● AIM OF THE EXERCISE
Transcribe the lines below verbatim, skipping the images.

● DATA EXTRACT
- - -

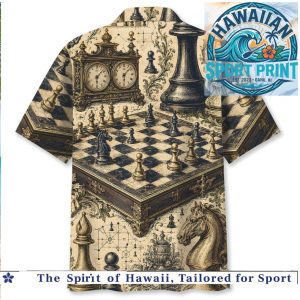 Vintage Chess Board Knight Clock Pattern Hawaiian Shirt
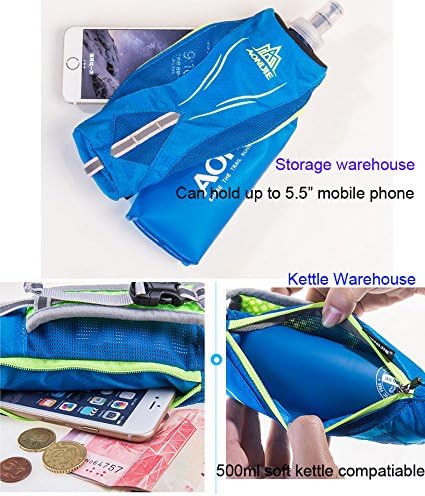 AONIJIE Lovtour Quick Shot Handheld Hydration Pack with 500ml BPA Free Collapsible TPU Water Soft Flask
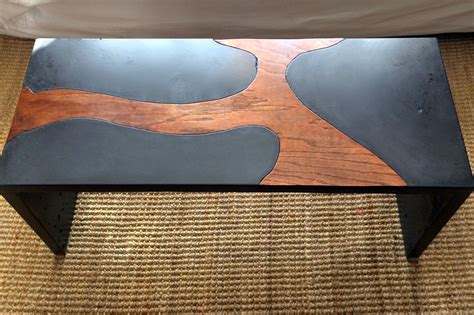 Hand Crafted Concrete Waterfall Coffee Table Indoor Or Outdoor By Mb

- - -

● WRITTEN SOLUTION
 Vintage Chess Board Knight Clock Pattern Hawaiian Shirt
 AONIJIE Lovtour Quick Shot Handheld Hydration Pack with 500ml BPA Free Collapsible TPU Water Soft Flask
 Hand Crafted Concrete Waterfall Coffee Table Indoor Or Outdoor By Mb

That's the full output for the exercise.